[Material supplied Boundary: Start]

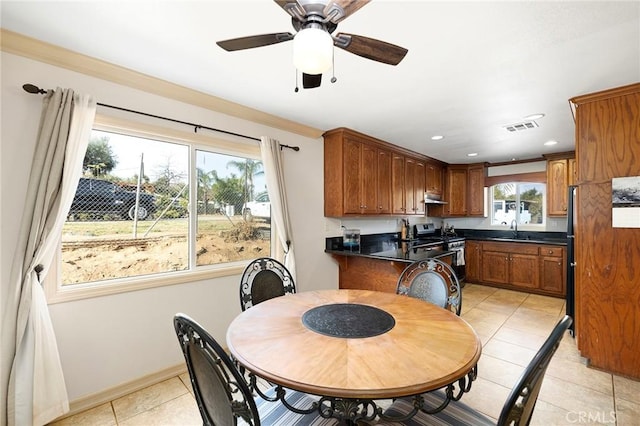 tiled dining area with plenty of natural light, ceiling fan, and sink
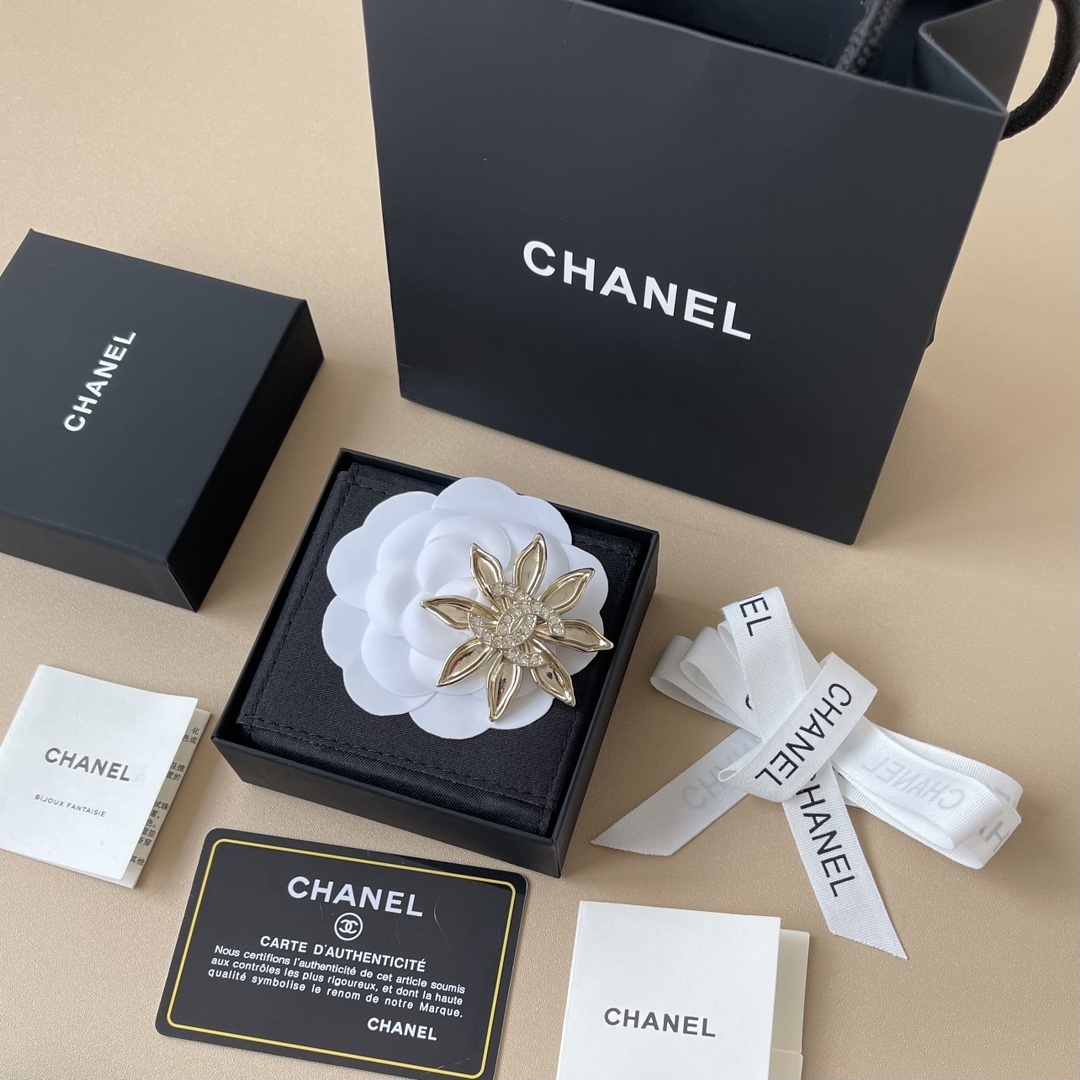 Chanel Crystal Flower Brooch - Luxury Gold Sunburst CC Pin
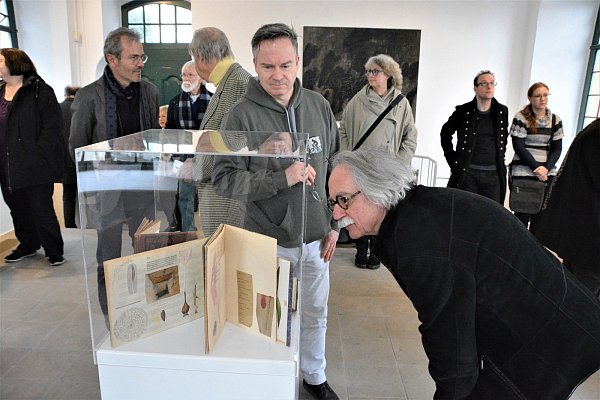 Die Besucher schauen interessiert in die Glasvitrinen. In ihnen sind Tage- und Malbücher von Jürgen Heinrich zu sehen. - © Karin Prignitz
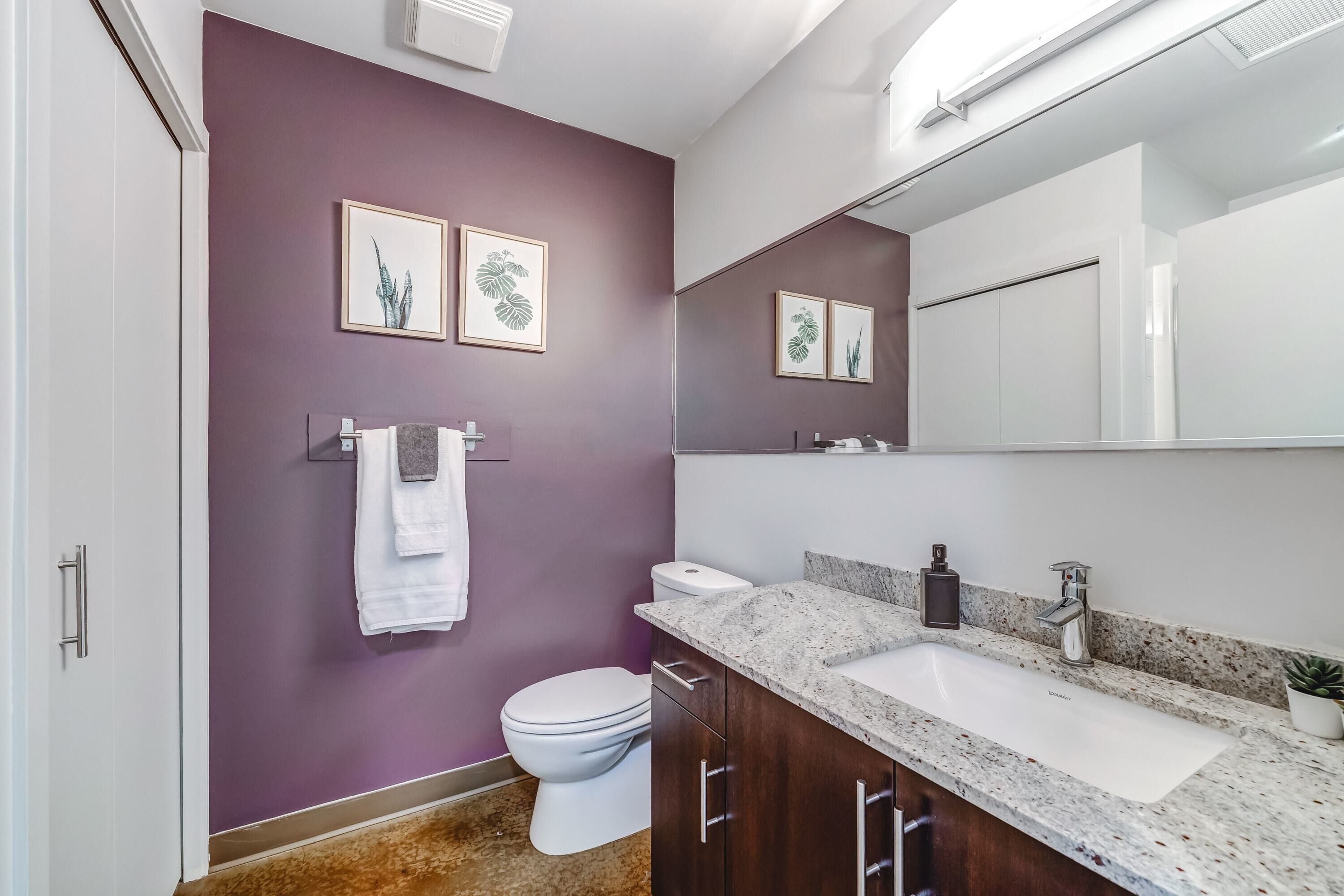 Une salle de bain moderne avec un mur violet, des toilettes blanches, un grand miroir et un lavabo sur un comptoir en granit.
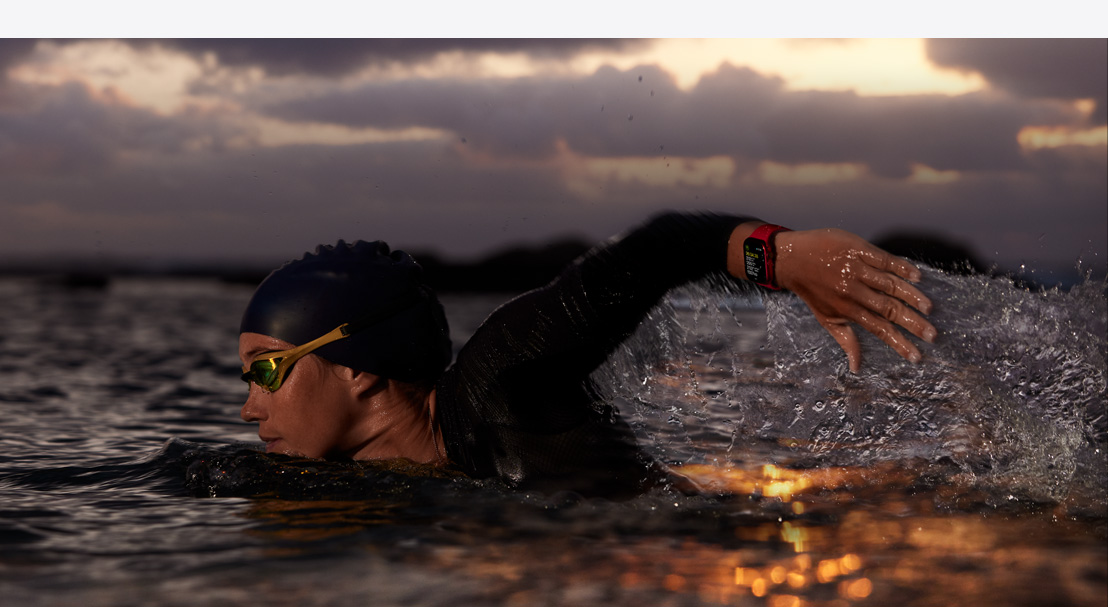 A woman wearing Apple Watch Series 9 while swimming outdoors in water.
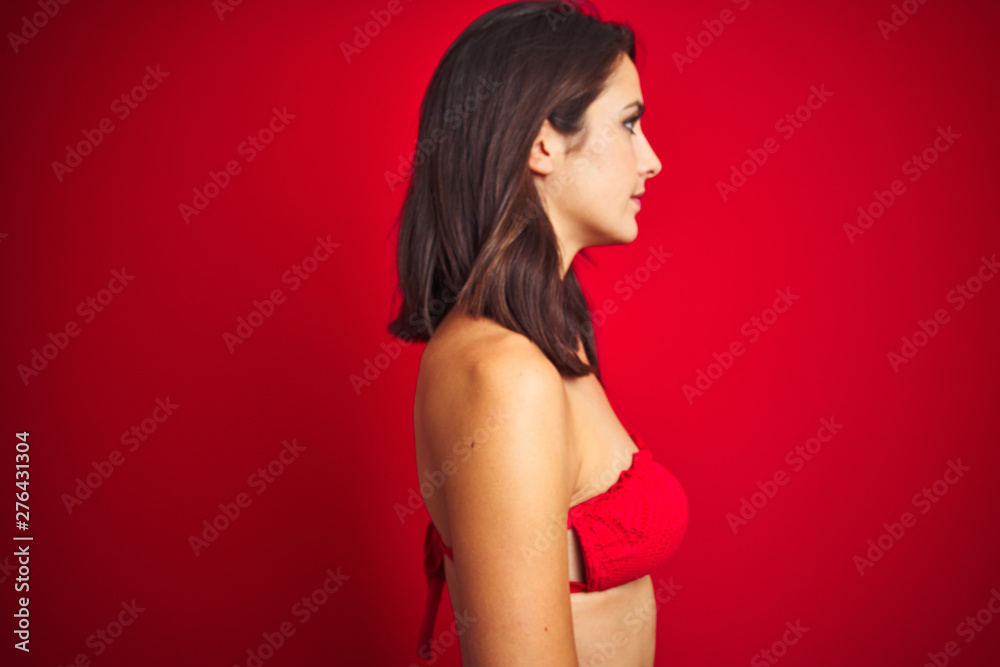 Beautiful woman wearing bikini swimwear over red isolated background looking to side, relax profile pose with natural face with confident smile. Beautiful woman wearing bikini swimwear over red isolated background looking to side, relax profile pose with natural face with confident smile.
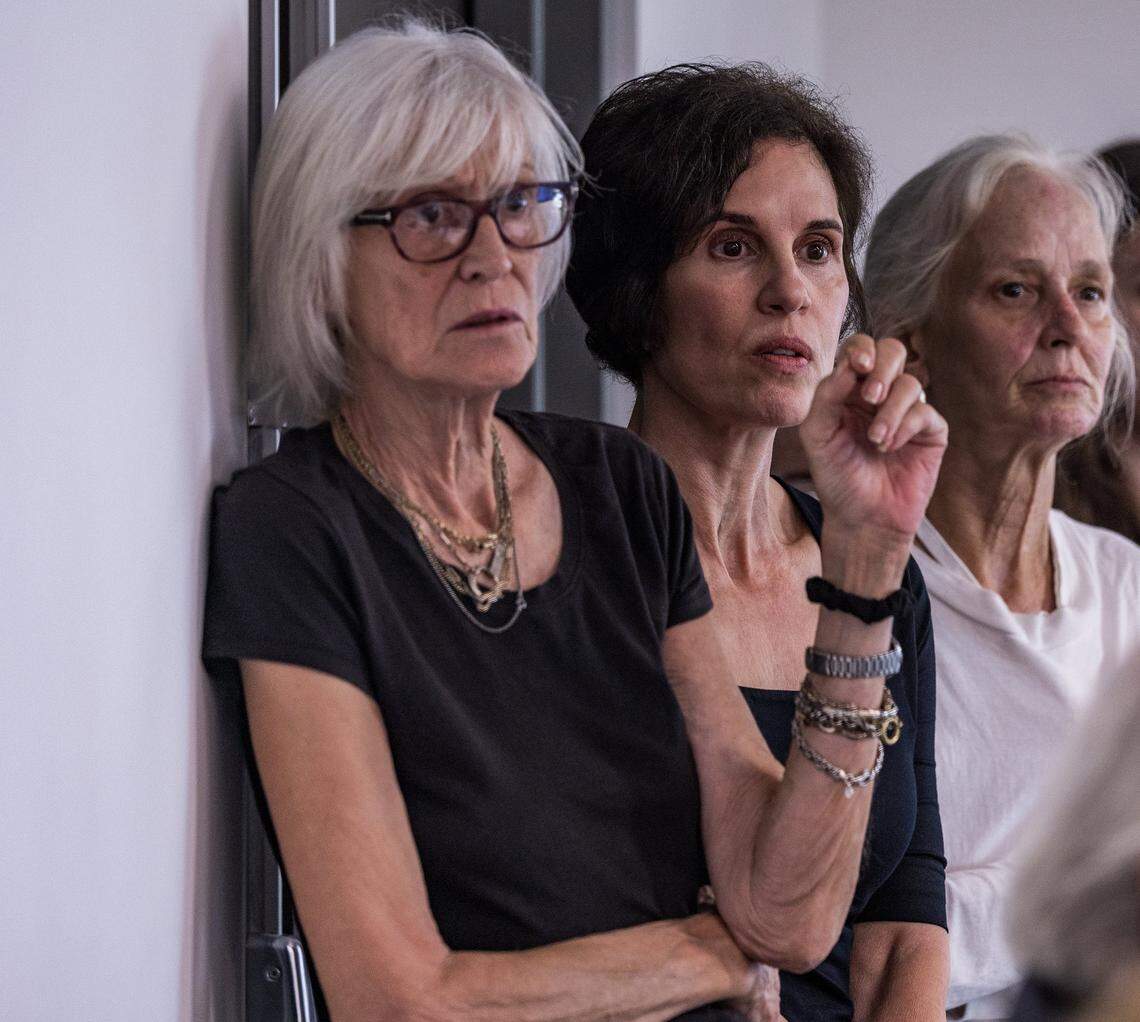 From left- Residents Noelle Haub, Maricis Longo and Bonnie Bolton listen during a Board of Architects meeting at City Hall, to discuss items related to the site located 110 Phonetia Avenue, in the Douglas Section of the City, positioned along East Ponce de Leon Boulevard, bound by Phoenetia Avenue on the North, Antilla Avenue on the South and Galiano Street on the East, in Coral Gables, home of the St. James Evangelical Lutheran Church of Coral Gables and the Crystal Academy, bought by the Century Homebuilders Group in 2021 with plans to develop a project called Crystal, a 9-story mixed-use building,  on Thursday, August 07, 2025.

[Material supplied Boundary: End]

> **What you should do**: The lines from the top of the data above through the one holding "Die Besucher schauen" are to be repeated exactly, and only those, with no pictures.

> **Exercise answer**:
 tiled dining area with plenty of natural light, ceiling fan, and sink
 Chanel Crystal Flower Brooch - Luxury Gold Sunburst CC Pin
 Die Besucher schauen interessiert in die Glasvitrinen. In ihnen sind Tage- und Malbücher von Jürgen Heinrich zu sehen. - © Karin Prignitz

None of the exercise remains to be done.